DATA FOR THIS EXERCISE Start Marker
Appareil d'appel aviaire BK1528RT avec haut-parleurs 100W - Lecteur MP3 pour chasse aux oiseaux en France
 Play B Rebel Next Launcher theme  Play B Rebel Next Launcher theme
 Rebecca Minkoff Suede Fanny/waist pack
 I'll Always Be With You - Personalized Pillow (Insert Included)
DATA FOR THIS EXERCISE End Marker
DATA FOR THIS EXERCISE Start Marker
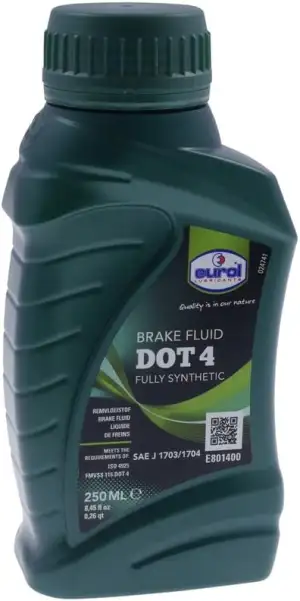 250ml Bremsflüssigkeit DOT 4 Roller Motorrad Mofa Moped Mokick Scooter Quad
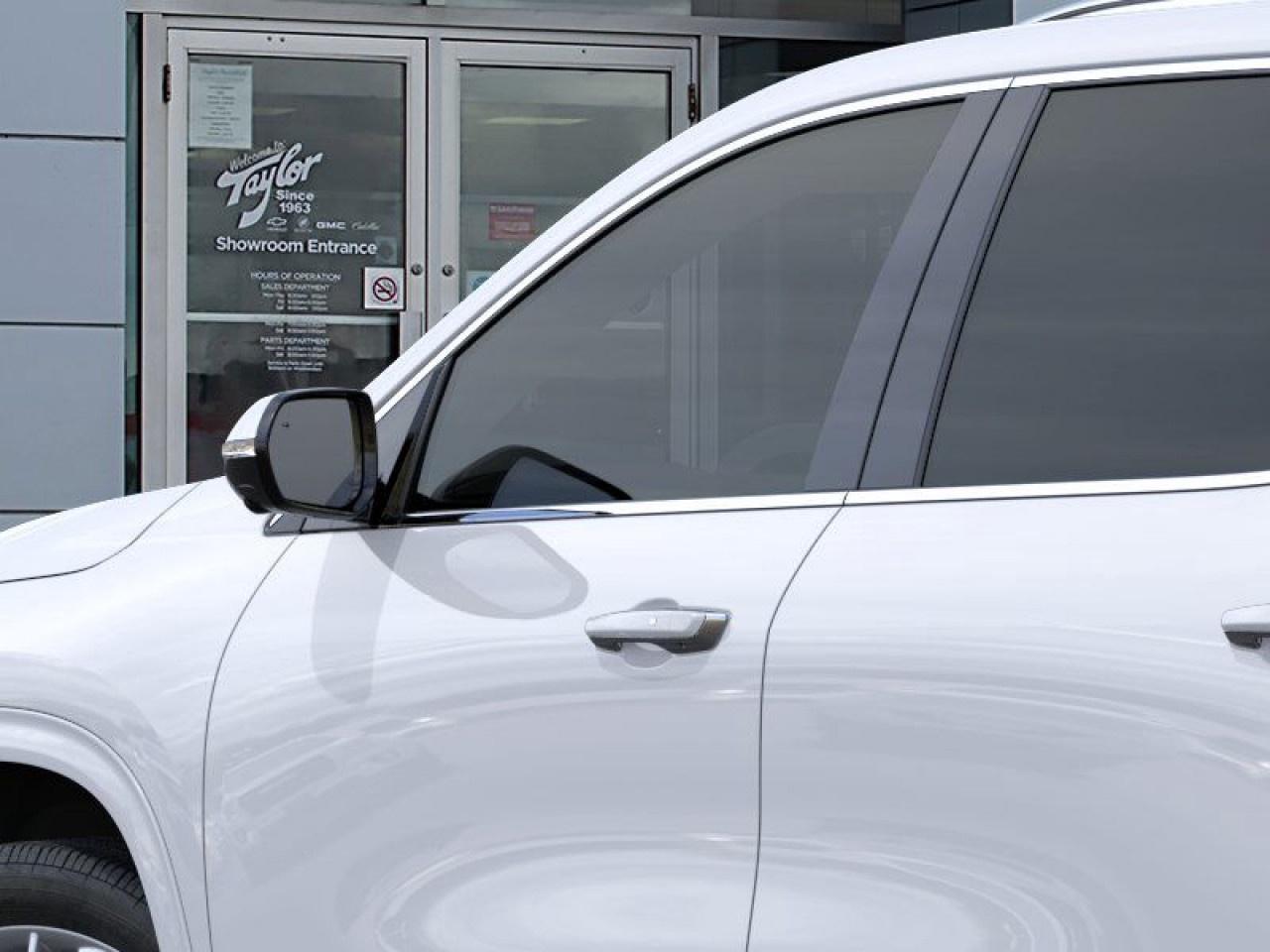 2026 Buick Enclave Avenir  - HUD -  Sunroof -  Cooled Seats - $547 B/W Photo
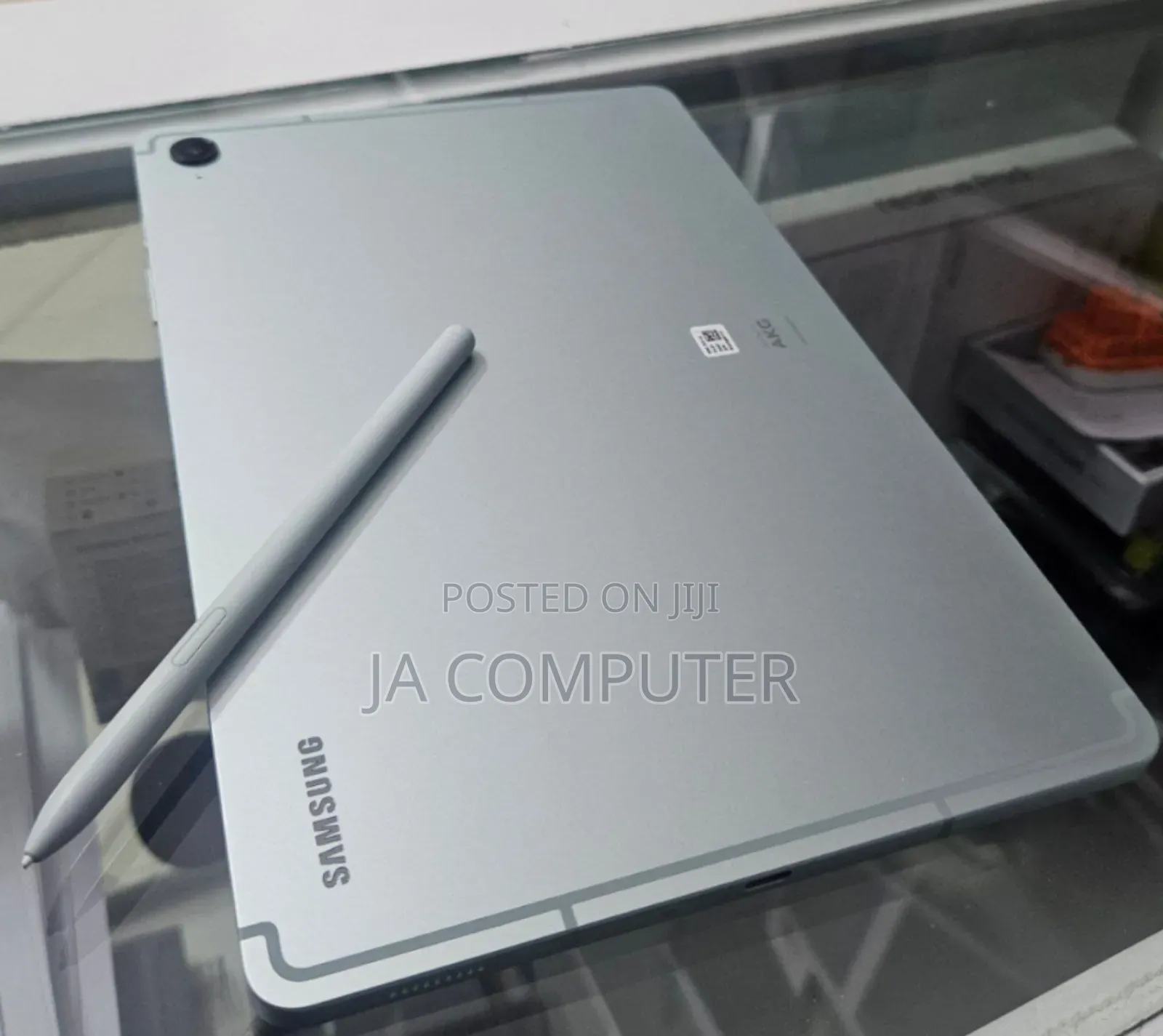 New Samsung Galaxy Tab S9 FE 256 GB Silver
DATA FOR THIS EXERCISE End Marker
EXERCISE GOAL.
Looking back over the data above, restate word for word the lines that begin at the line with "Rebecca Minkoff Suede Fanny/waist pack" and end at the line with "I'll Always Be", inclusive.

YOUR RESPONSE.
 Rebecca Minkoff Suede Fanny/waist pack
 I'll Always Be With You - Personalized Pillow (Insert Included)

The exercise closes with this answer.